Жозеф не отвечал. Запрокинув голову, он смотрел на серую стену, заслонявшую, казалось, половину неба.

– Это самое пугающее место на Островах, – сказал он, наконец. – Зачем мы здесь, Герми? Лучше подождать до вечера, чем…

– Я не буду ждать, – твердо сказала девушка и двинулась вперед.

С некоторой заминкой Жозеф Квамби последовал за ней.

Перед ними протянулось древнее пересохшее рифовое мелководье – кусты и глыбы кораллов, сточенные временем, лениво перетекали друга в друга, дробя пространство на тысячи мелких заводей, полных горячей воды. В воде с хищной ленцой колыхались липкие плети водорослей, меж которыми сновали юркие разноцветные рыбки с неприятно выдающимися челюстями.

Жозеф шел, под ногами его скрипела острая белесая крошка, а глаза слепило сияние соли, выступившей на мертвых цветках кораллов. Он втягивал жаркий воздух и морщился, когда ветер дул от Замка Печали. Замок походил на гнилой зуб, косо торчащий из бескрайней, наполовину высохшей лагуны. Серый куб с изломанной верхней гранью, под углом вошедший в землю.

Чем ближе они подходили, тем более не по себе становилось Квамби. Он не боялся Лекарей Душ, но, как всякий благоразумный член Магуса, не хотел иметь с ними никаких тесных контактов. Кому приятно сталкиваться с оборотной стороной своей природы? А Лекари имели дело именно с ней – с тем, во что превращались люди Договора, если переставали держать себя в рамках. Серая и морщинистая, как исполинский слоновий бок, стена Замка Печали медленно нависала над ними.

– Их называют «пиявками», Лекарей, – сказал зверодушец. – Почему, Герми?

– Потому что они пиявки. Они высасывают силу, мечты, желания, мысли, все, что делает человека живым. Остается лишь пустая сморщенная оболочка – бесполезная и безопасная. И ее помещают в одну из келий Замка Печали. Видишь эти мелкие черные точки? Это как раз они – входы в кельи.

Квамби поднял голову, вглядываясь в тысячи бойниц, черных отверстий, так похожих на ласточкины норы, беспорядочно разбросанных по морщинистой слоновьей шкуре. И понял, что на них смотрят. Пристально и бесстрастно. Как на любопытное атмосферное явление. Причудливую воздушную флуктуацию[24].

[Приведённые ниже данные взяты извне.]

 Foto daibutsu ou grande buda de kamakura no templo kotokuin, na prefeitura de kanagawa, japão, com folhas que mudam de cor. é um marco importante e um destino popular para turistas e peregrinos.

«Здесь часто должны возникать миражи, – подумалось зверодушцу. – Жара, испарения, стоячий воздух…»

Германика остановилась – она тоже почувствовала обращенное на них внимание и подняла руку. На тонком белом запястье качнулся массивный браслет черного дерева – бескрылый китайский дракон струился, переливался тысячью мелких, любовно вырезанных чешуек, кусая собственный хвост.